Ah, yes, the PSP. The Playstation Portable. The wave of the future. The thing that was going to usher in a brave new era of high-end, high-performance handheld gaming, but then… well… didn’t. And it’s funny to think of it. With its claim to superior graphics and better technology, it would seem that the PSP took the safe route to commercial success (as opposed to the DS, which had the inexplicable desire to bridge the gap between Gameboy and Palm Pilot). But oddly enough the high-tech approach never seems to work for handhelds; it didn’t work with the Game Gear, it didn’t work with the Sega Nomad and it didn’t work with the PSP. It faded away over the last few years, so much so that when I moved from Massachusetts to California I left it in storage, never thinking I’d need it.

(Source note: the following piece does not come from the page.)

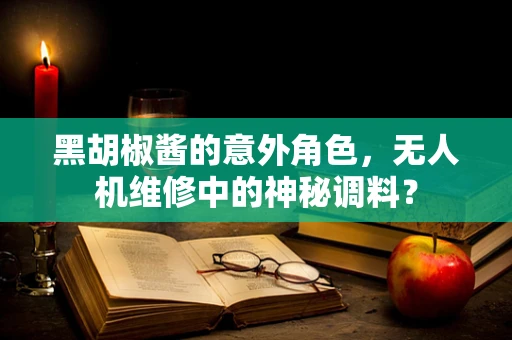 黑胡椒酱的意外角色，无人机维修中的神秘调料？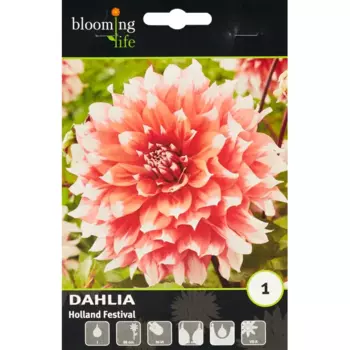 Георгина декоративная Холланд Фестивал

But then late last year, the PSP kicked back to life. New Kingdom Hearts. New Metal Gear Solid. New Valkyria Chronicles. All in the course of a month. Who saw that coming? And so, finally, I’ve managed to retrieve my wayward device, dust it off, charge it up, return that forgotten copy of Crisis Core to its case and finally make my way through the latter of those titles. The first PSP game I’ve played in three years, the first return to that old “power of a console in the palm of my hands” mentality and quite possibly the renaissance of high-powered portable gaming. So how was it?

Eh, it was alright.

The original Valkyria Chronicles is possibly one of my favorite games on the PS3 for the simple reason that there quite literally is nothing else like it. A strange hybrid of third-person shooter and turn-based strategy with a story that mixes war movie clichés with wacky anime hokum and an illustrated visual style all wrapped up in a beautifully-handled history book format – different doesn’t even begin to describe it. Even now, the only thing vaguely similar to itis its sequel. But Valkyria Chronicles II is a prototypical inferior sequel. It’s not that it’s bad, but it shows that the developers said everything they needed to say in the previous installment and are just shouting it out louder in case people didn’t hear them the first time. It’s a common occurrence, a criticism that can be equally lodged against Iron Man 2, Paranormal Activity 2, The Matrix sequels, the Pirates of the Caribbean sequels and so, so much more. But a good message is a good message no matter how many times you hear it. And, despite some missteps, Valkyria Chronicles II does a few have a few nice twists of its own.

High School is hell.
See all 5 photos
High School is hell.

The game opens with Avan Hardins joining the Lanseal Military Academy, which starts us off nicely with a fresh perspective on the narrative. The first game had us following draftees in the fight for liberation. But now we’re following volunteers, and a bunch of kids at that; and so they aren’t just focused on civic duty, but also on more mundane concerns. You control Class G, the bottom rung on the social ladder. They’re taunted by the famed Class A, their teachers think they’re useless and they themselves lack motivation. But eventually they develop self-esteem, face their rivals in the local talent show (or in this case war games simulation) and slowly but surely climb that ladder.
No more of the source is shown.